- [What you need to do]
Give again only the lines from the line that holds "15). Spacious, unfurnished" to the end of the data, inclusive, omitting all pictures.

- [Data provided]
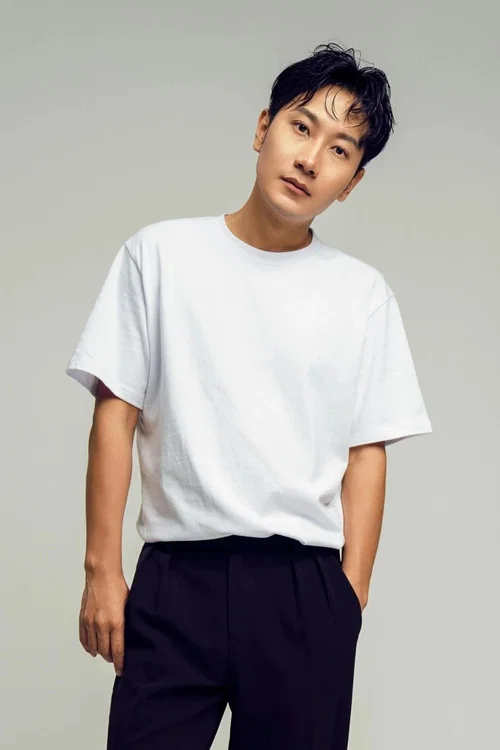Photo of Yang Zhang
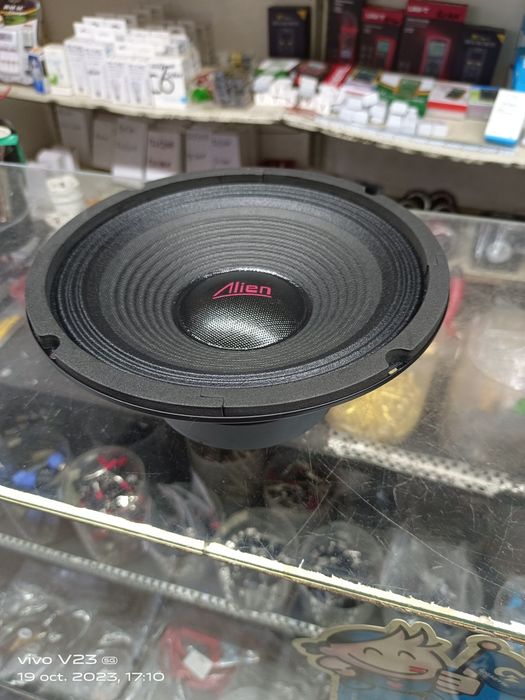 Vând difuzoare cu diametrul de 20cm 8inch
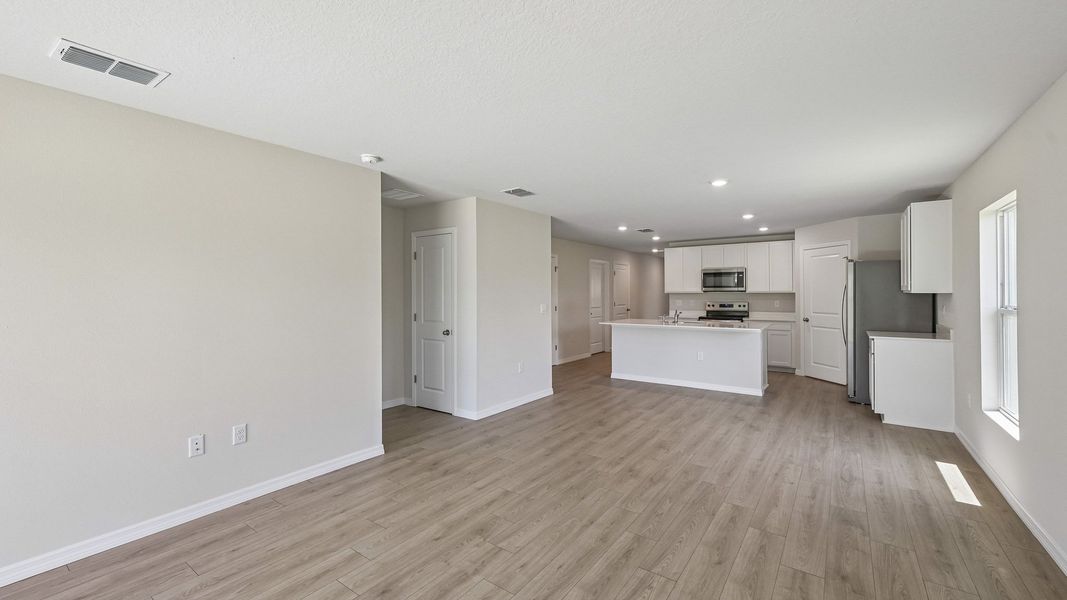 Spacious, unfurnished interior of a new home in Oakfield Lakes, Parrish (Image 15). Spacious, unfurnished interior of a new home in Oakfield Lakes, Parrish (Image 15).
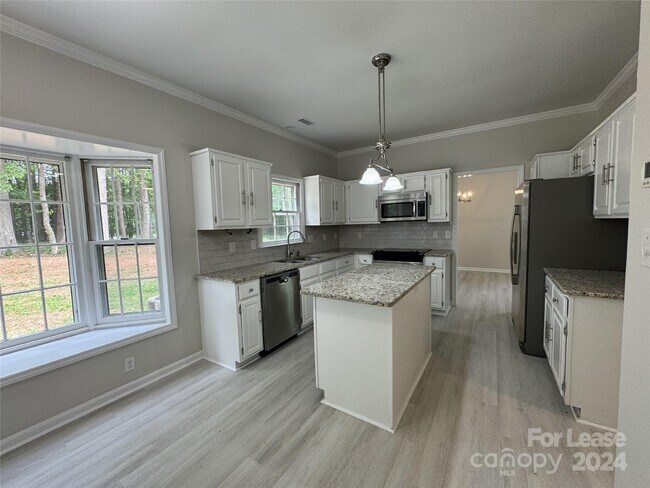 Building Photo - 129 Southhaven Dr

- [Reply]
 Spacious, unfurnished interior of a new home in Oakfield Lakes, Parrish (Image 15). Spacious, unfurnished interior of a new home in Oakfield Lakes, Parrish (Image 15).
 Building Photo - 129 Southhaven Dr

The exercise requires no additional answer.